Dive Brief:
- Marriott International disclosed a data breach impacting 500 million guests, according to a company announcement Friday. About 327 million of those guests had information such as passport numbers and addresses compromised. Payment card numbers were also duplicated for some guests.
- The hospitality company found its Starwood reservation database had been compromised since 2014. The perpetrators had copied and encrypted the information and begun the process of removing it.
- Law enforcement has been notified and Marriott is in the midst of notifying necessary regulatory authorities, according to the announcement.
Dive Insight:
Equifax, Yahoo and Uber were the most notorious disclosed breaches of 2017, and 2018 almost squeaked by without a breach massive enough to compare. Until now.

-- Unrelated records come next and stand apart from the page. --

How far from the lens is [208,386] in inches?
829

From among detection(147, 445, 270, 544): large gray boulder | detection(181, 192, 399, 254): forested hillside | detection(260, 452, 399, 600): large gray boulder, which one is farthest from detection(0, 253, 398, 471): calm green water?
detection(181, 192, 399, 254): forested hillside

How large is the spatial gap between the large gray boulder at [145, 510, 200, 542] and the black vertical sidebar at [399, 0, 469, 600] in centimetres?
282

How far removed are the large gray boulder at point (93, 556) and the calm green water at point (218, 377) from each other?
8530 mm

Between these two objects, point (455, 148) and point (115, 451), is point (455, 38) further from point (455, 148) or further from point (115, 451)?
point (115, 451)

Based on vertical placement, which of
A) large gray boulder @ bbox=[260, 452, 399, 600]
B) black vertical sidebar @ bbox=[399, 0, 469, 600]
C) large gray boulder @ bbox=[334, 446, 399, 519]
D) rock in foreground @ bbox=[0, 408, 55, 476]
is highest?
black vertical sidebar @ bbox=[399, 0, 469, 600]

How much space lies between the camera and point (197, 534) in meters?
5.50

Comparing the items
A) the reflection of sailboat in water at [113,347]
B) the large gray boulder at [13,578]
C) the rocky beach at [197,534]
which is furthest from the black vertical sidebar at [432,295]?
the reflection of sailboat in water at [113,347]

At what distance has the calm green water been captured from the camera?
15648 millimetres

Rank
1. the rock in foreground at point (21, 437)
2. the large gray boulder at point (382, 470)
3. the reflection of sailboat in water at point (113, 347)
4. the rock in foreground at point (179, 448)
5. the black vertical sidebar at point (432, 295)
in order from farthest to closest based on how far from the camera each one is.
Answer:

Marriott's security shortcomings "underscore the sheer folly of continued reliance on outdated security methods such as using PII in authentication," said Bimal Gandhi, CEO of Uniken, in an email to CIO Dive.

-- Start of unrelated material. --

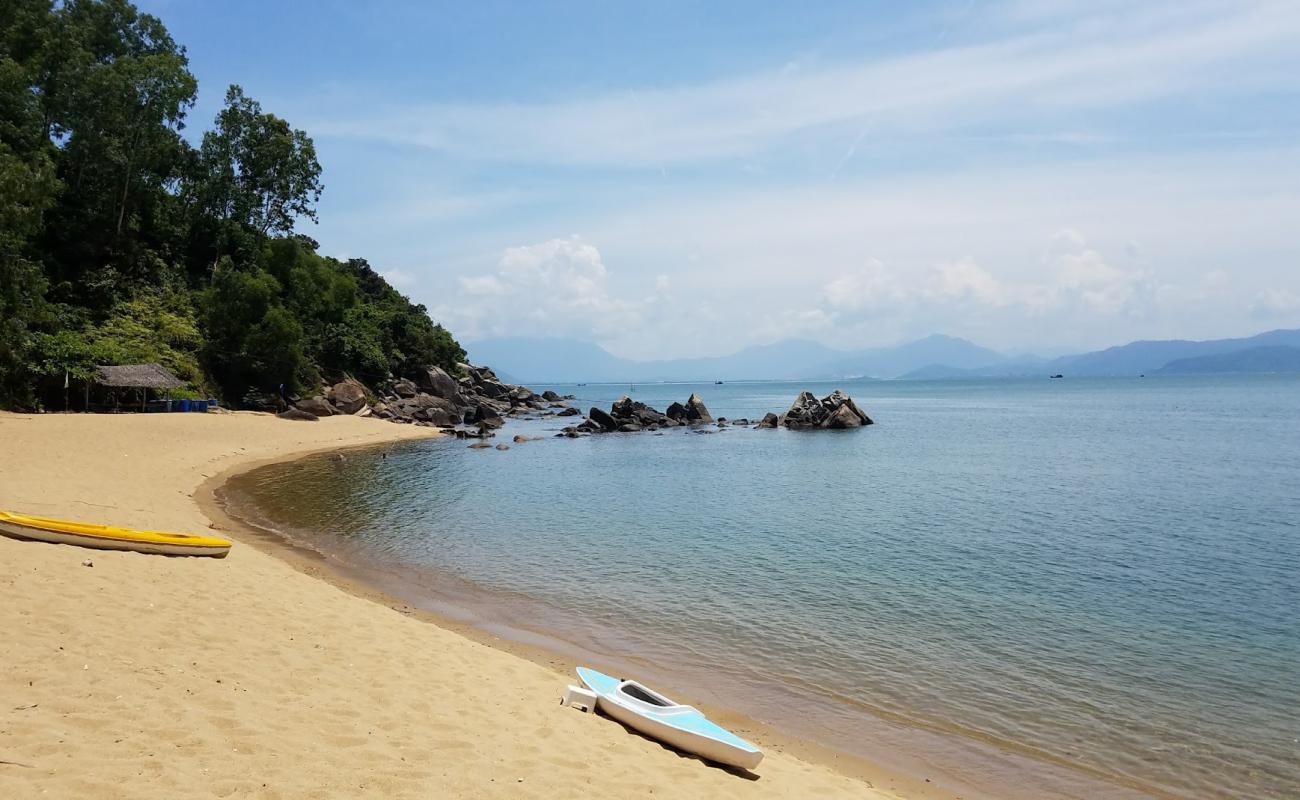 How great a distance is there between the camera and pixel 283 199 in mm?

Marriott was notified of an intrusion on Sept. 8 by an internal security tool, alerting the company of an unauthorized attempt to access its Starwood guest reservation platform.
Marriott didn't complete its acquisition of Starwood Hotels and Resorts Worldwide until September 2016. The deal created the largest hotel chain in the world.

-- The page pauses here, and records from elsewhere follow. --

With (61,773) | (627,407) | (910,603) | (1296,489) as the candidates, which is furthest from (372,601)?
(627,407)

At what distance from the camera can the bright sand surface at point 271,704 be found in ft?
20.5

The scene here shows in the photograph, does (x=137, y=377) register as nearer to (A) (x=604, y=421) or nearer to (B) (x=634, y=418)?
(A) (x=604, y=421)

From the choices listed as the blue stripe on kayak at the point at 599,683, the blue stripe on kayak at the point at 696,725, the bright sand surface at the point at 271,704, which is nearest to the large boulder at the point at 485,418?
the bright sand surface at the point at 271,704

System migrations can take years, and companies can unknowingly inherit flaws. Ensuring security continuity among systems acquired in a business deal requires audits and experts to ensure systems are streamlined.
The company enlisted security experts to investigate the intrusion and found the access point from 2014. By November 19, Marriott was able to decrypt the stolen data.
The investigation is ongoing but has found that for about 327 million impacted guests in the Starwood Preferred Guest platform, the following information was impacted:
- Mailing address
- Phone numbers
- Passport numbers
- Starwood Preferred Guest account information
- Birth date
- Gender
- Arrival and departure information
- Reservation date and communication preferences
With information so easily sold and distributed on the dark web, Marriott's security breach "represents a potential point of attack" on its impacted guests, said Gandhi.